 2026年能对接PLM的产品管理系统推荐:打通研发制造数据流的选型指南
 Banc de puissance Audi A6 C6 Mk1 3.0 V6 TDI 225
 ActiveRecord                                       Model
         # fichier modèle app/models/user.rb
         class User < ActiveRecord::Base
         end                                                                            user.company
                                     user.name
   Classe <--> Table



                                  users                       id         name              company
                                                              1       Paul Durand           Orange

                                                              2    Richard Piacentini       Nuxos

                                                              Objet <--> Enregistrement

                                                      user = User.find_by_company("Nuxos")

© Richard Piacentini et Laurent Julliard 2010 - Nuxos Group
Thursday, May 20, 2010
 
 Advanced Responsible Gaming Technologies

* * *

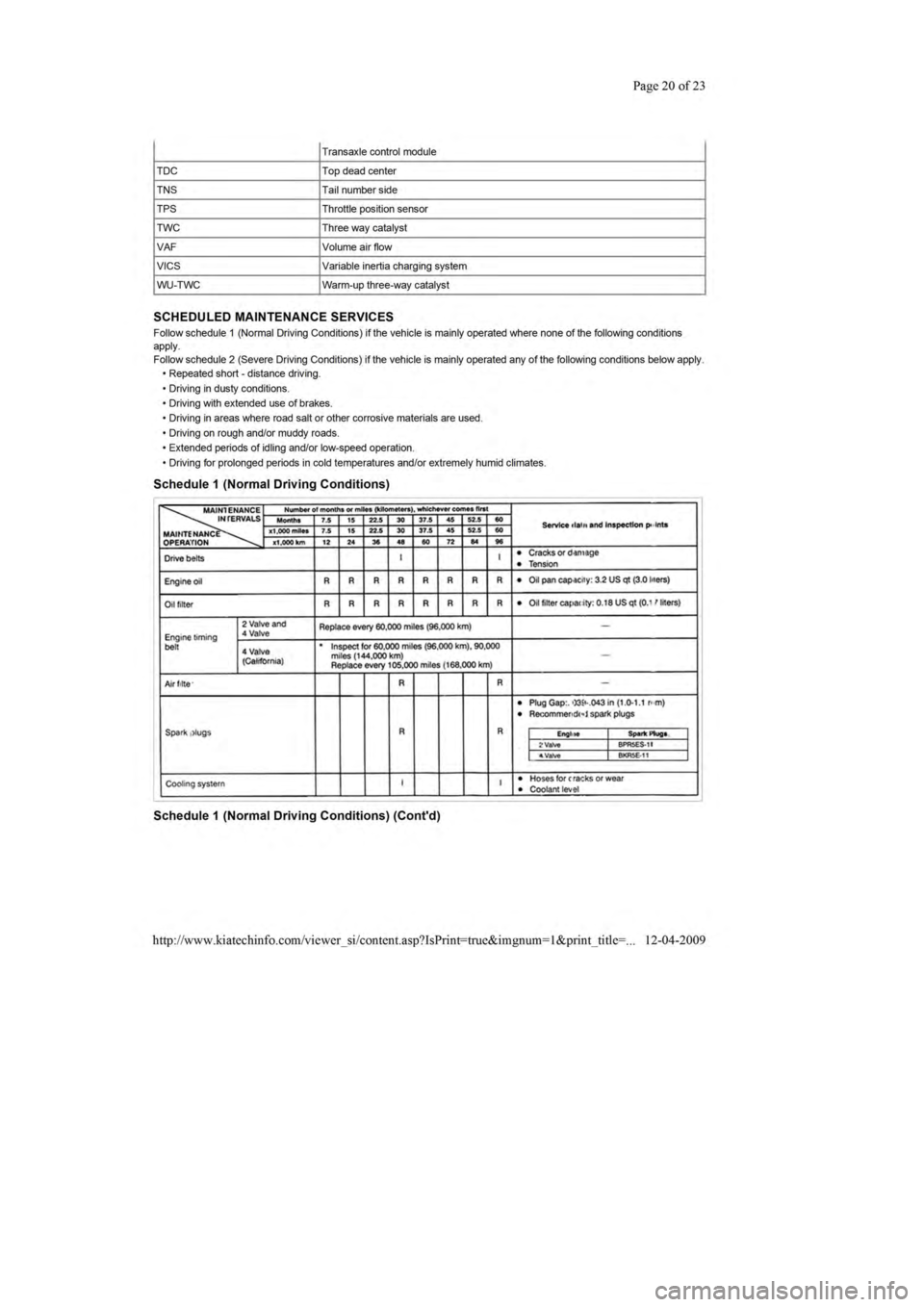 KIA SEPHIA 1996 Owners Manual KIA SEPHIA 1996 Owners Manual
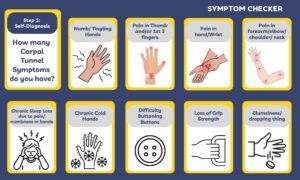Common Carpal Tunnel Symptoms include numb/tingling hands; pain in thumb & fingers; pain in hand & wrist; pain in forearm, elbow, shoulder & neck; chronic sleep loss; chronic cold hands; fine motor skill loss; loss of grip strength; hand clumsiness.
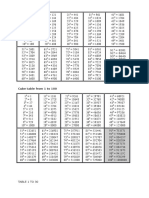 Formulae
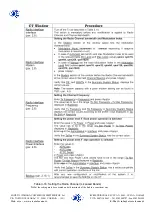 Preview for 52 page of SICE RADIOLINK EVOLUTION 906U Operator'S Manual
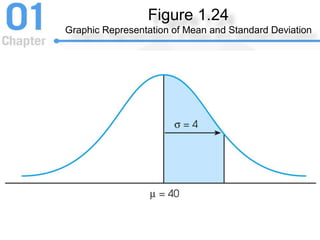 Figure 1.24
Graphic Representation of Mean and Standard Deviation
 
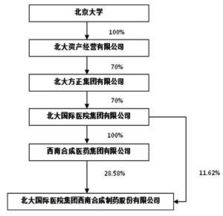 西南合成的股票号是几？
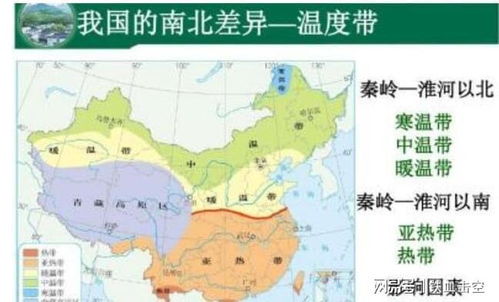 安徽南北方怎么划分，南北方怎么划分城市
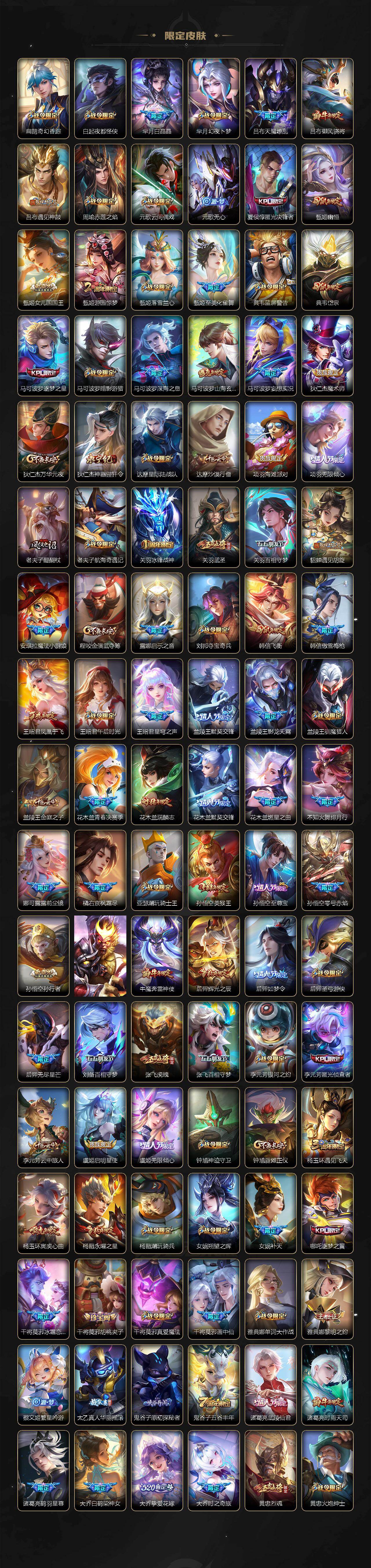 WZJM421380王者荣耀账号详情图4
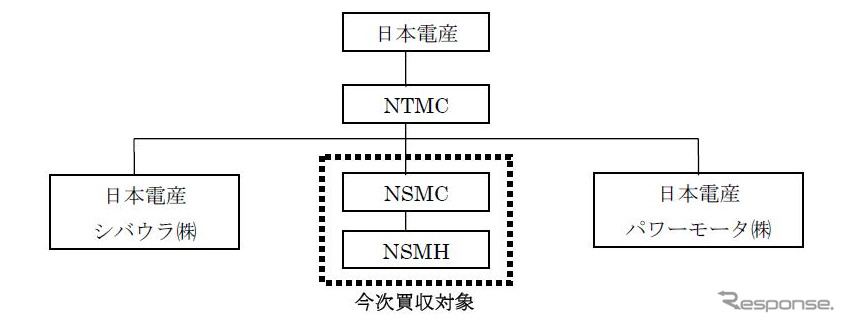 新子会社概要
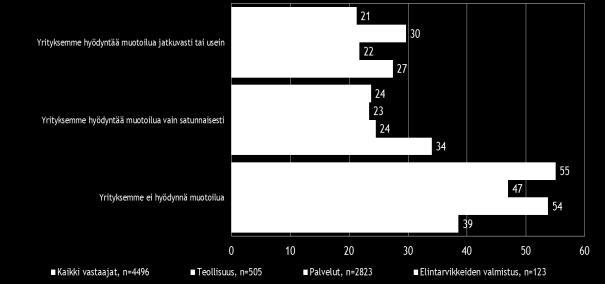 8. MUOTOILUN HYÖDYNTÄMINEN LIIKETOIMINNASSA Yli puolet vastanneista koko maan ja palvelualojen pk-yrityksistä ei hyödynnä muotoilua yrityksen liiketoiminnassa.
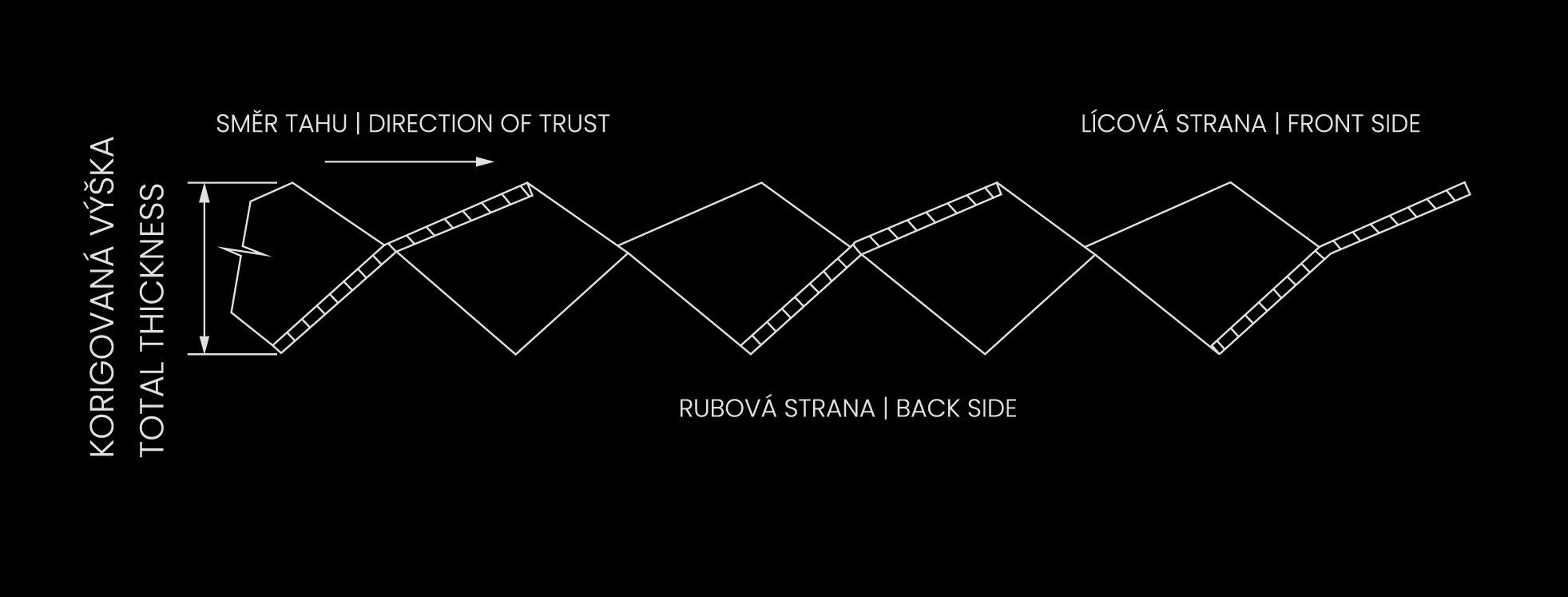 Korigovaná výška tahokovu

* * *

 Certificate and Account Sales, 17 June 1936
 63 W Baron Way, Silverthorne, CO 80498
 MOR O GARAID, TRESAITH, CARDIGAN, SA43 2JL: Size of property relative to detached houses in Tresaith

Assigned task: Each line in the entries above that includes the string "Richard" should be extracted.

Answer box:
                                                              2    Richard Piacentini       Nuxos
© Richard Piacentini et Laurent Julliard 2010 - Nuxos Group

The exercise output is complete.